Before we were fluent in offense, we spoke a rawer, funnier language and it somehow made room for understanding.


The State of Offense

Hi, I’m no-one.

In 2025, offense is a kind of performance art. It’s sharp, strategic, refined. There’s status in being the first to flinch, in calling something out. Offense used to be a reaction, now it’s often a position. A kind of distance.

We’ve learned how to name harm, and that’s progress. But I sometimes wonder if, in protecting ourselves from all the ways things can go wrong, we’ve lost some of what used to make things go right: the unpolished moments, the honest stumbles, the laughter that wasn’t always comfortable but was real.

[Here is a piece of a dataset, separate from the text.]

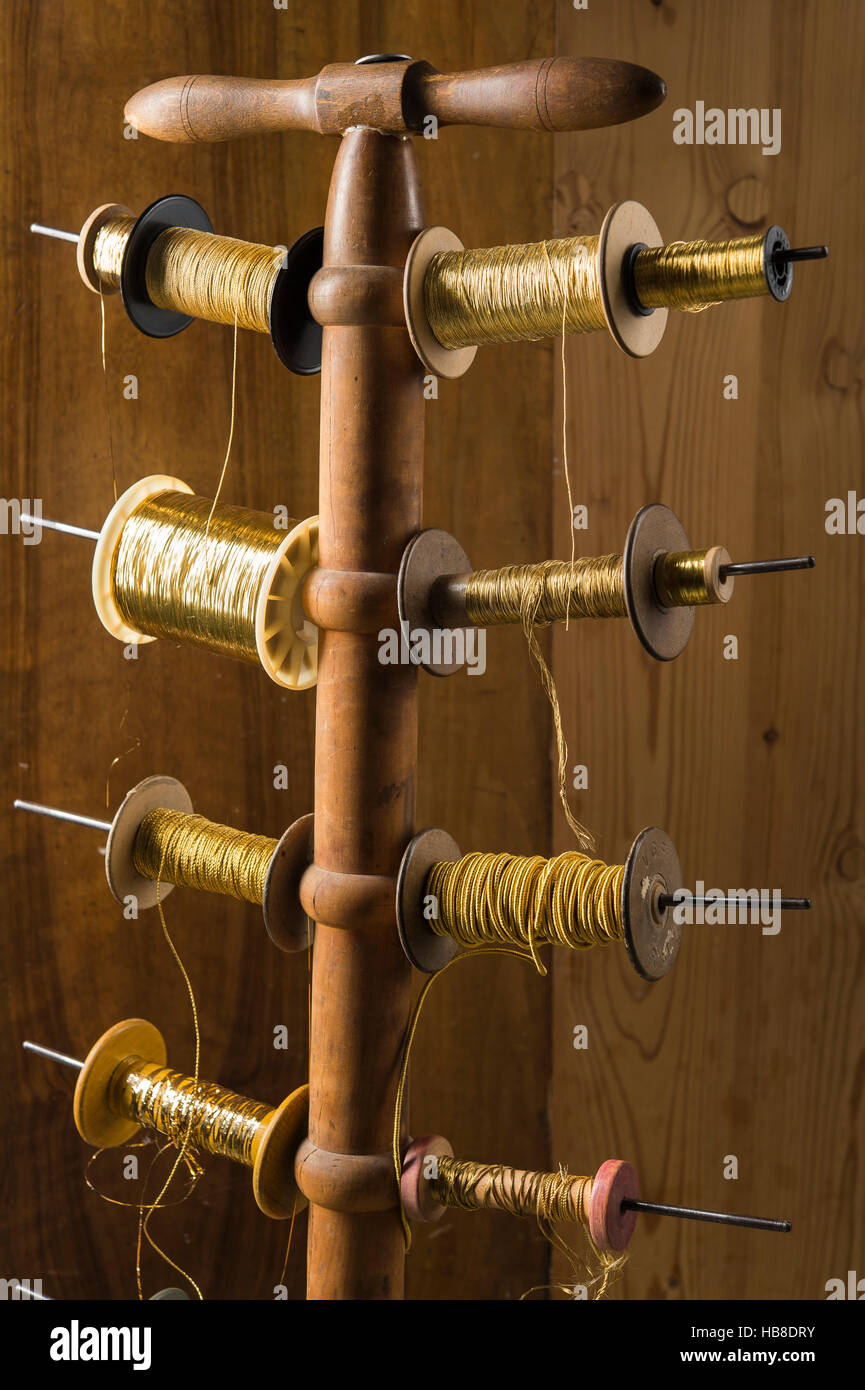 Thread stand in front of wooden wall with various gold and yellow yarns, Munich, Bavaria, Germany Stock Photo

We were allowed to be messy together. And sometimes, that mess became friendship.


A Black School, an Asian Kid, and Bruce Lee

In the early 1970s, I was one of the only Asian kids in a mostly Black elementary school. The names I got called weren’t accurate. They weren’t even cruel, just loud, clumsy, borrowed from pop culture. Bruce Lee was huge then. So even though I wasn’t Chinese, that’s who I became in the minds of a few classmates.

We didn’t have the language of “racial microaggressions.” We didn’t know about identity politics or representation. We were just kids, curious and confused, working things out in real time. And somehow, it worked. We laughed. We ate together. I got invited to their houses.

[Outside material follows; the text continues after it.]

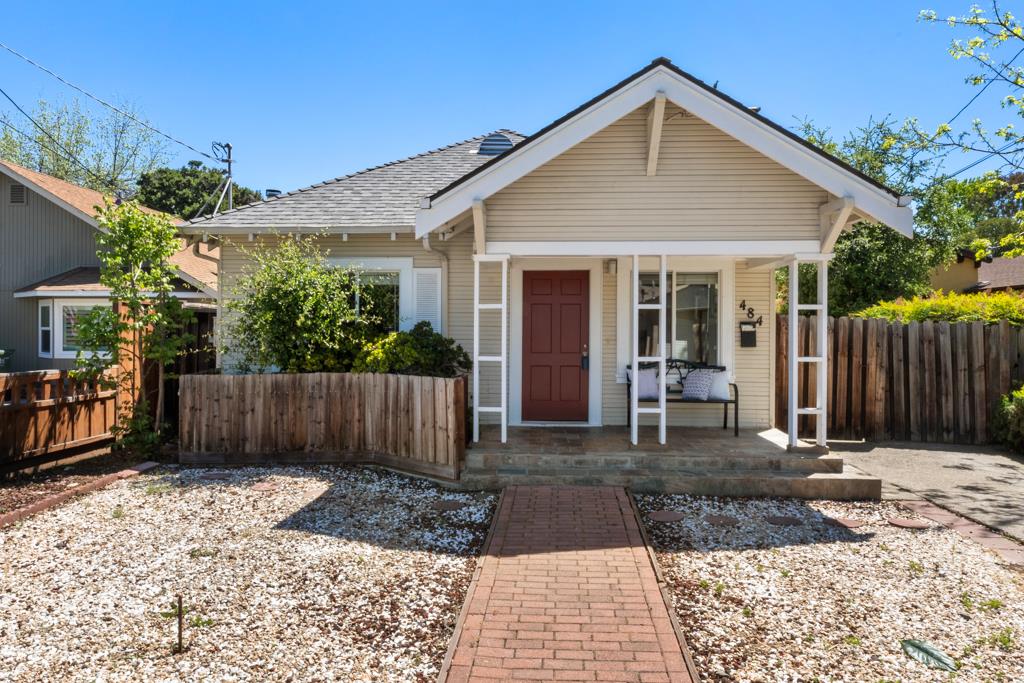 a front view of house with yard and outdoor seating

I never fired back. The harshest comeback I had was “dumb-dumb” or “stupid”. It was all surface-level stuff, without the weight of real malice. And through all the noise, trust formed.

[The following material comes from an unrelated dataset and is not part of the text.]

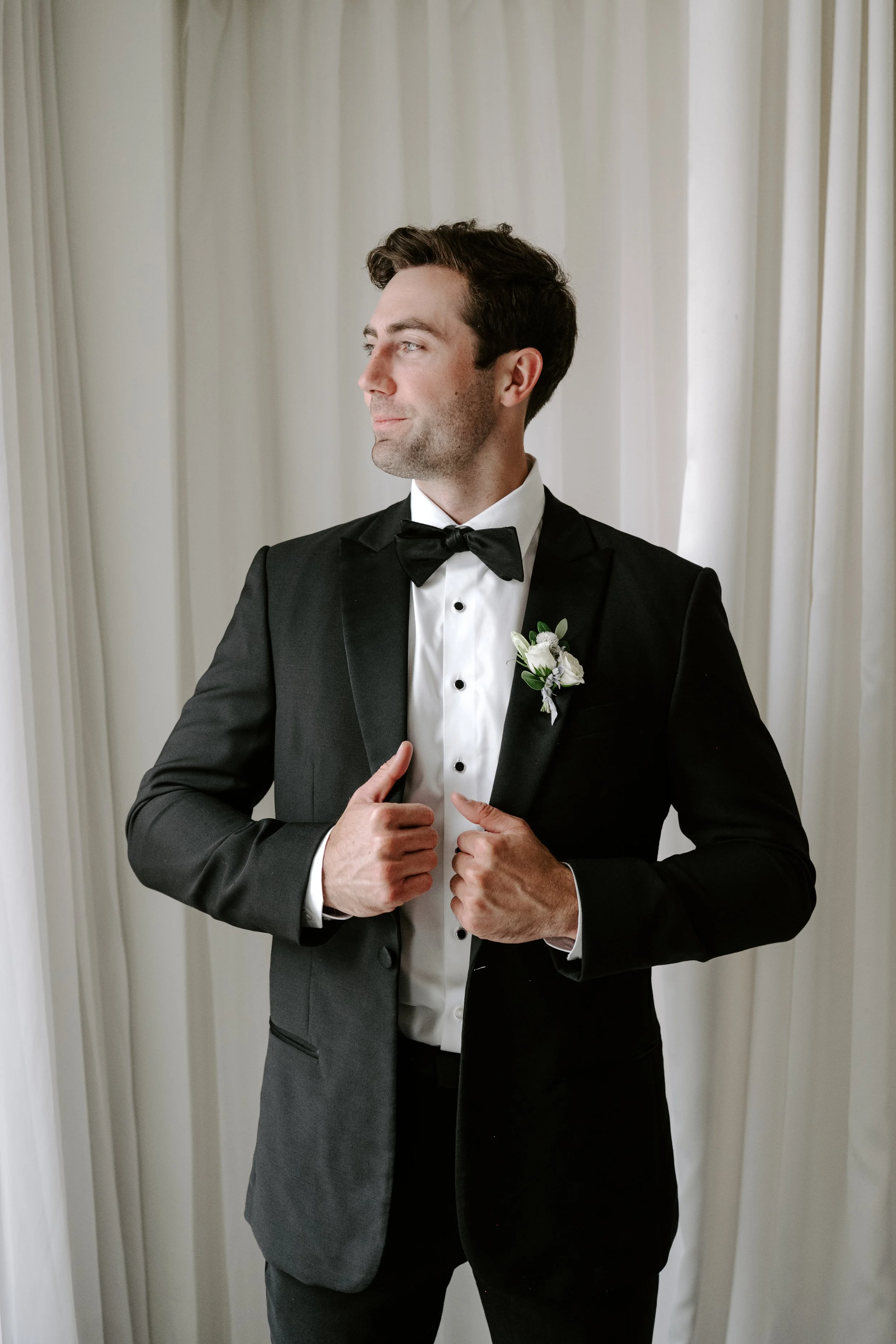 A man wearing a tuxedo and bow tie, with a white boutonniere pinned to his jacket, standing in front of light-colored curtains, adjusting his suit with his hands.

TV Dinners and Unfiltered Laughter

Sometimes I’d sit down to dinner in a friend’s living room and All in the Family would be on the TV. Or The Jeffersons. These shows didn’t pull punches. Archie Bunker said things that would get you cancelled today. George Jefferson gave just as good as he got. And we, Black kids, Asian kid, laughed.

We didn’t laugh because we agreed with the characters, we laughed because the jokes revealed a truth we all felt, even as kids. Racism wasn’t hidden. It was aired out, mocked, exaggerated, and strangely humanized.

It was how we learned about the world. Not through lectures, but through punchlines.

Later, as a young adult in the ’90s, I saw the baton passed to shows like In Living Color and Married with Children. These were different kinds of irreverent, edgier, sharper, louder. In Living Color roasted everyone with joy and precision. Married with Children dismantled the American family fantasy with a shrug and a beer. Nobody was spared, and somehow that made it fair.

Then in the early 2000s came Chappelle’s Show. Dave Chappelle pushed the edge even further: race, class, politics, nothing was off-limits. He made people laugh by making them uncomfortable, and somehow, that discomfort made the truth land harder. The jokes were sharper, but so was the insight.

Even as the culture evolved, the humor stayed raw. What changed was the world’s tolerance for it.


The Table Is Still There

Today, that kind of honesty is harder to come by. There’s more fear. More silence. A kind of tiptoeing around difference that looks like respect but often feels like distance.

I get why. We’ve seen how words can hurt. We’ve learned the cost of being careless. But not every awkward moment is oppression. Not every stereotype is hate. Sometimes it’s just the rough collision of people trying to understand each other.

And from that friction, something real begins to grow.

I don’t look back on those early days with pain. I just smile. Sure, the jokes were off, but the friendship was solid. And even when we got each other wrong, we just kept showin’ up.

This is not nostalgia for ignorance. I just miss the room we used to have to mess up without being erased. The space to say something imperfect, get invited to dinner and laugh at each other.

The world’s changed. But the table is still there, waiting for us to sit side by side.